Source material below:
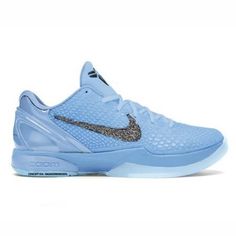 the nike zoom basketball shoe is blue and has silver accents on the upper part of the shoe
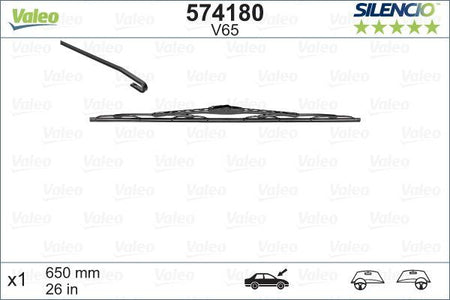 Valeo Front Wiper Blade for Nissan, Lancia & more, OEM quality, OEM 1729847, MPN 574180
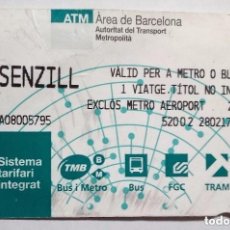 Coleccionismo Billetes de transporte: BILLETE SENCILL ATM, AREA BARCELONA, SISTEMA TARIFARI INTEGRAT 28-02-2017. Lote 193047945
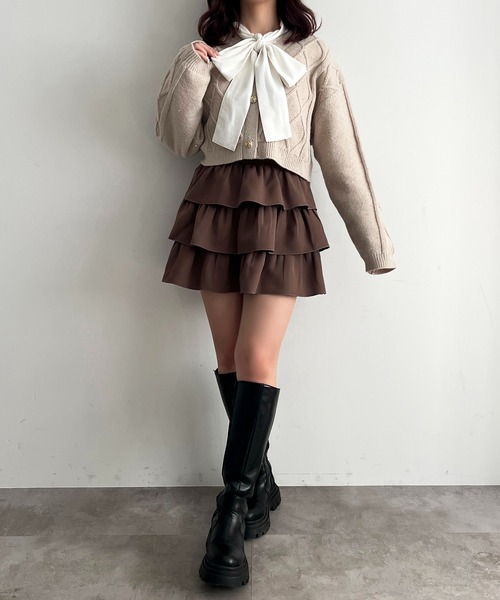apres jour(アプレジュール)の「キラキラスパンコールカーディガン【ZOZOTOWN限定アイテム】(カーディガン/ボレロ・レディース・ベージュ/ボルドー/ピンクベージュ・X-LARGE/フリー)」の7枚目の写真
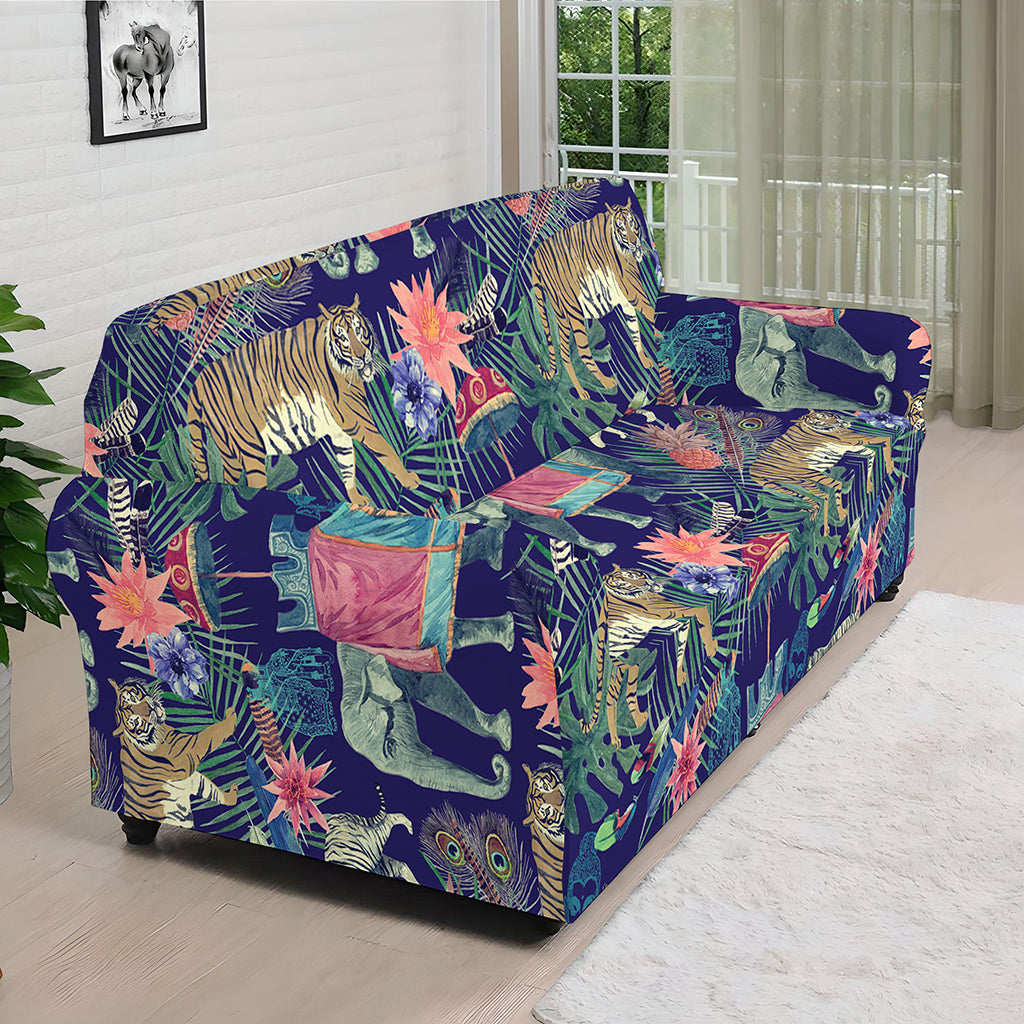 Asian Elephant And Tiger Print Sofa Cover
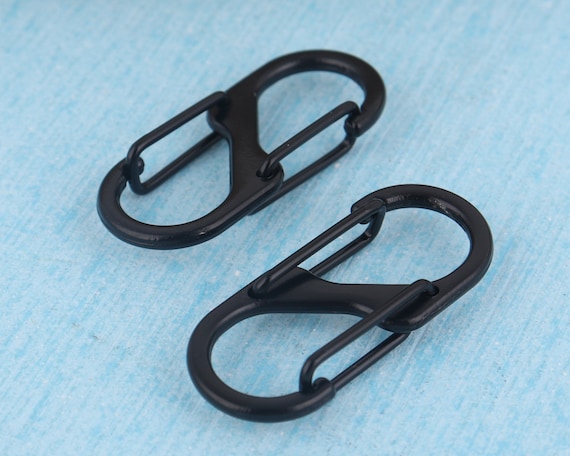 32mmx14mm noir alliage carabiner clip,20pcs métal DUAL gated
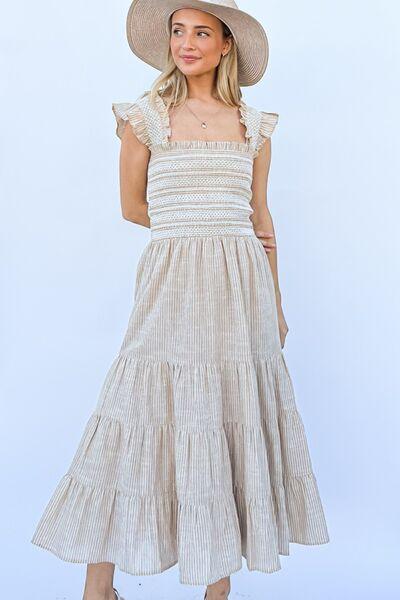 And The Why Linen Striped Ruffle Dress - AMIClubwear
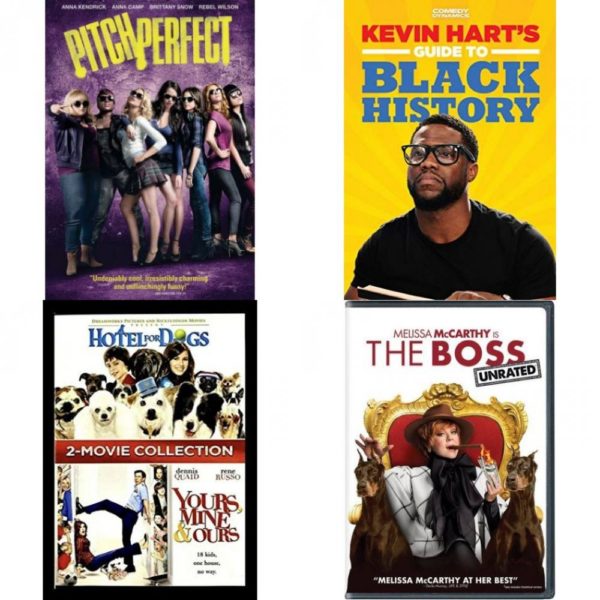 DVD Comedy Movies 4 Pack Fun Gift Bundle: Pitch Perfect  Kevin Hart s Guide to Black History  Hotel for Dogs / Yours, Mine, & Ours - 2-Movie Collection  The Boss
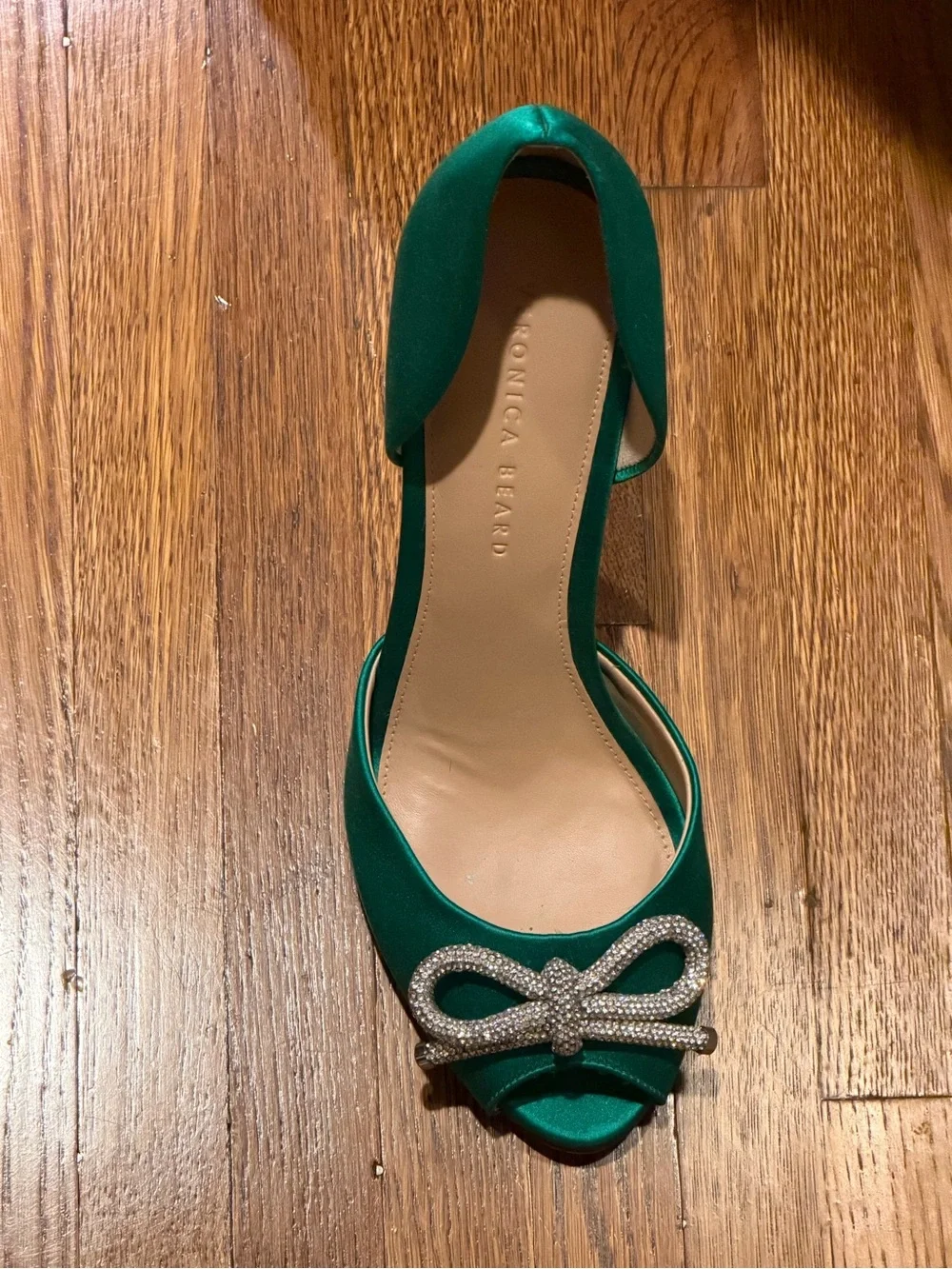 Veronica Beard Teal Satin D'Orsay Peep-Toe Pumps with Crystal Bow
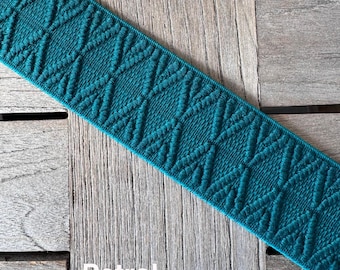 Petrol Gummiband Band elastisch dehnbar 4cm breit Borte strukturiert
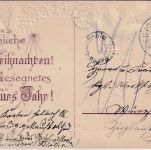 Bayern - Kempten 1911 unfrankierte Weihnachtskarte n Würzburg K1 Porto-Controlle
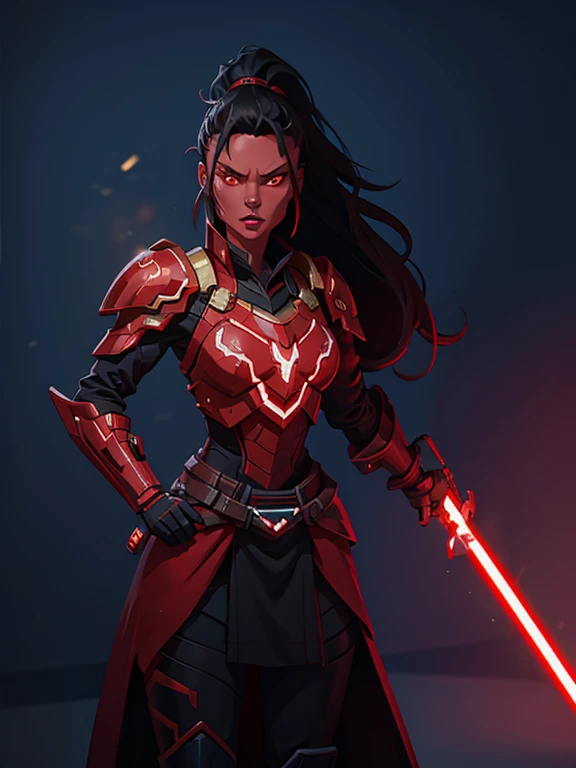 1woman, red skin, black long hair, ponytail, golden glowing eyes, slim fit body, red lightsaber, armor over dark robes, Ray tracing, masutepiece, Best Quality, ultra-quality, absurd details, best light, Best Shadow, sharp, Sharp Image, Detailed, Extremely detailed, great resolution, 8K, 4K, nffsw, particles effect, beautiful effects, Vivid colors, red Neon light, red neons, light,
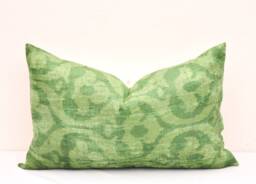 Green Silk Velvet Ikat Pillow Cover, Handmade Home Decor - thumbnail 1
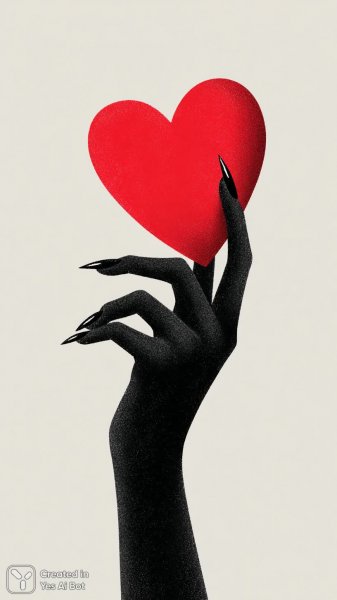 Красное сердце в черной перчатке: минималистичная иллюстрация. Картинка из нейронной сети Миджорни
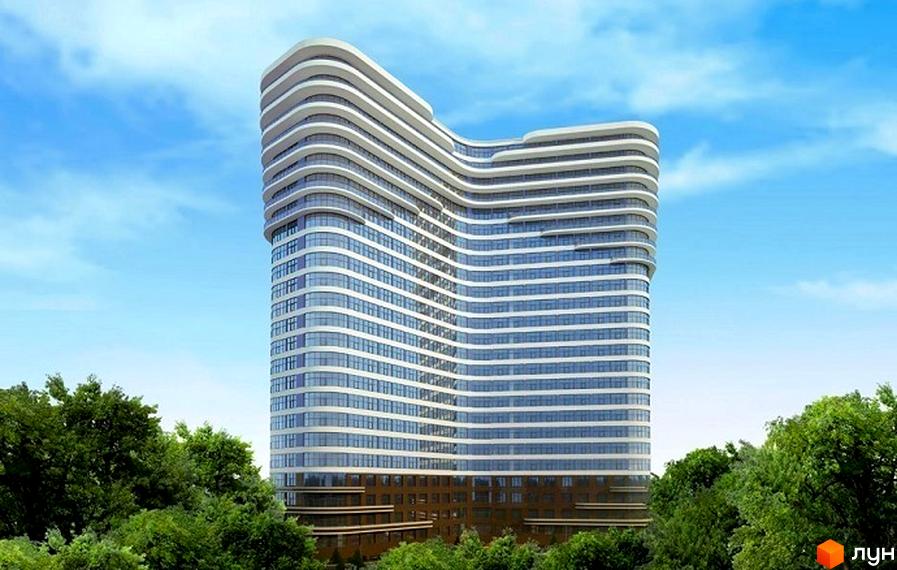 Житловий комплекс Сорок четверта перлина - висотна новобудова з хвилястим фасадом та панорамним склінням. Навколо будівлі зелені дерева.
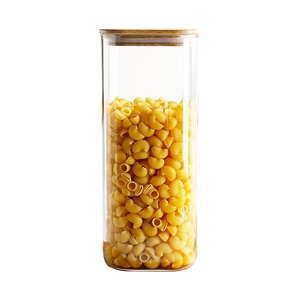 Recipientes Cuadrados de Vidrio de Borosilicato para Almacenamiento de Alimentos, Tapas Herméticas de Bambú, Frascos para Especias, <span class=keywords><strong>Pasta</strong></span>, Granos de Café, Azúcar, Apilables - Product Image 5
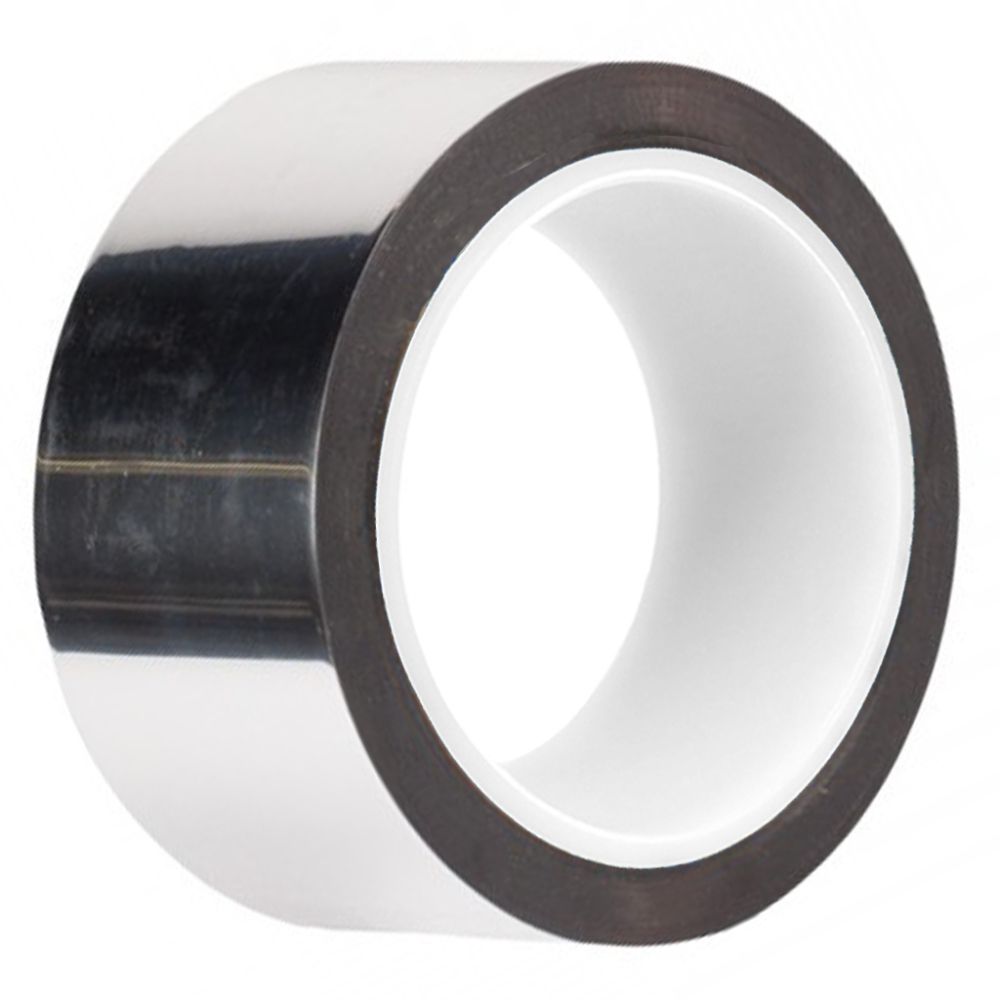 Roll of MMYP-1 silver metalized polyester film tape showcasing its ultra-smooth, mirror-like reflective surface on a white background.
End of Source material.
Task prompt:
Write the material out again exactly as it appears, dropping the pictures.

Response to the task:
 the nike zoom basketball shoe is blue and has silver accents on the upper part of the shoe
 Valeo Front Wiper Blade for Nissan, Lancia & more, OEM quality, OEM 1729847, MPN 574180
 Coleccionismo Billetes de transporte: BILLETE SENCILL ATM, AREA BARCELONA, SISTEMA TARIFARI INTEGRAT 28-02-2017. Lote 193047945
apres jour(アプレジュール)の「キラキラスパンコールカーディガン【ZOZOTOWN限定アイテム】(カーディガン/ボレロ・レディース・ベージュ/ボルドー/ピンクベージュ・X-LARGE/フリー)」の7枚目の写真
 Asian Elephant And Tiger Print Sofa Cover
 32mmx14mm noir alliage carabiner clip,20pcs métal DUAL gated
 And The Why Linen Striped Ruffle Dress - AMIClubwear
 DVD Comedy Movies 4 Pack Fun Gift Bundle: Pitch Perfect  Kevin Hart s Guide to Black History  Hotel for Dogs / Yours, Mine, & Ours - 2-Movie Collection  The Boss
 Veronica Beard Teal Satin D'Orsay Peep-Toe Pumps with Crystal Bow
 Petrol Gummiband Band elastisch dehnbar 4cm breit Borte strukturiert
 Bayern - Kempten 1911 unfrankierte Weihnachtskarte n Würzburg K1 Porto-Controlle
 1woman, red skin, black long hair, ponytail, golden glowing eyes, slim fit body, red lightsaber, armor over dark robes, Ray tracing, masutepiece, Best Quality, ultra-quality, absurd details, best light, Best Shadow, sharp, Sharp Image, Detailed, Extremely detailed, great resolution, 8K, 4K, nffsw, particles effect, beautiful effects, Vivid colors, red Neon light, red neons, light,
 Green Silk Velvet Ikat Pillow Cover, Handmade Home Decor - thumbnail 1
 Красное сердце в черной перчатке: минималистичная иллюстрация. Картинка из нейронной сети Миджорни
 Житловий комплекс Сорок четверта перлина - висотна новобудова з хвилястим фасадом та панорамним склінням. Навколо будівлі зелені дерева.
 Recipientes Cuadrados de Vidrio de Borosilicato para Almacenamiento de Alimentos, Tapas Herméticas de Bambú, Frascos para Especias, <span class=keywords><strong>Pasta</strong></span>, Granos de Café, Azúcar, Apilables - Product Image 5
 Roll of MMYP-1 silver metalized polyester film tape showcasing its ultra-smooth, mirror-like reflective surface on a white background.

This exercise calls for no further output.